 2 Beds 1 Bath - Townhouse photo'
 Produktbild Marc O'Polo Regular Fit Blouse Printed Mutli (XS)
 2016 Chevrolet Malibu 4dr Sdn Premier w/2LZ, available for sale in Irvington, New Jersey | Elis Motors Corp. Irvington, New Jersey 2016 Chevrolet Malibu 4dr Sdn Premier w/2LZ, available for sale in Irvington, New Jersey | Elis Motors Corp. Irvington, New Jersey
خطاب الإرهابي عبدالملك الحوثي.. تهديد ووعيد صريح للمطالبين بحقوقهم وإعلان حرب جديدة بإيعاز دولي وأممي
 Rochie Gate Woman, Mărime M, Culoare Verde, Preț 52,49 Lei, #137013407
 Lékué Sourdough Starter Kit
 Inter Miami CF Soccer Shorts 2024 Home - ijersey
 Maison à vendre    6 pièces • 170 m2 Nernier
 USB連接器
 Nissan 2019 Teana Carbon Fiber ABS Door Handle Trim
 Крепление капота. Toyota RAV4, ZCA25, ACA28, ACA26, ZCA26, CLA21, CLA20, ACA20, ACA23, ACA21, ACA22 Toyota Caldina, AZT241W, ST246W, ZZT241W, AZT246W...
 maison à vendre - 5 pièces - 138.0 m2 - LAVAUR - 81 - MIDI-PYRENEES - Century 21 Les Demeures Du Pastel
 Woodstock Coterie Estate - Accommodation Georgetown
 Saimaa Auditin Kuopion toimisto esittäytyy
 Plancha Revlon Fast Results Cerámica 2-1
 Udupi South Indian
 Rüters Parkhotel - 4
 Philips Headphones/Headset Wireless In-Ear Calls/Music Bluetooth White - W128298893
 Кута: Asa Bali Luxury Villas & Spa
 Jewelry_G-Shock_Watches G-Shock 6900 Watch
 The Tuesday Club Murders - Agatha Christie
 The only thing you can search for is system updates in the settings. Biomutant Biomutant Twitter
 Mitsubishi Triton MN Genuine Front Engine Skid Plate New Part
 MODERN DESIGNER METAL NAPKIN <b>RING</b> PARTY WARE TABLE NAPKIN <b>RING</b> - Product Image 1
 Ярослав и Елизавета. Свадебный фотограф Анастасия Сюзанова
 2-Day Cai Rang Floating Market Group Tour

******************************

▶ **Task requirements**
Among the records, find all lines that include the string "pièces" and return them.

▶ **Result below**
 Maison à vendre    6 pièces • 170 m2 Nernier
 maison à vendre - 5 pièces - 138.0 m2 - LAVAUR - 81 - MIDI-PYRENEES - Century 21 Les Demeures Du Pastel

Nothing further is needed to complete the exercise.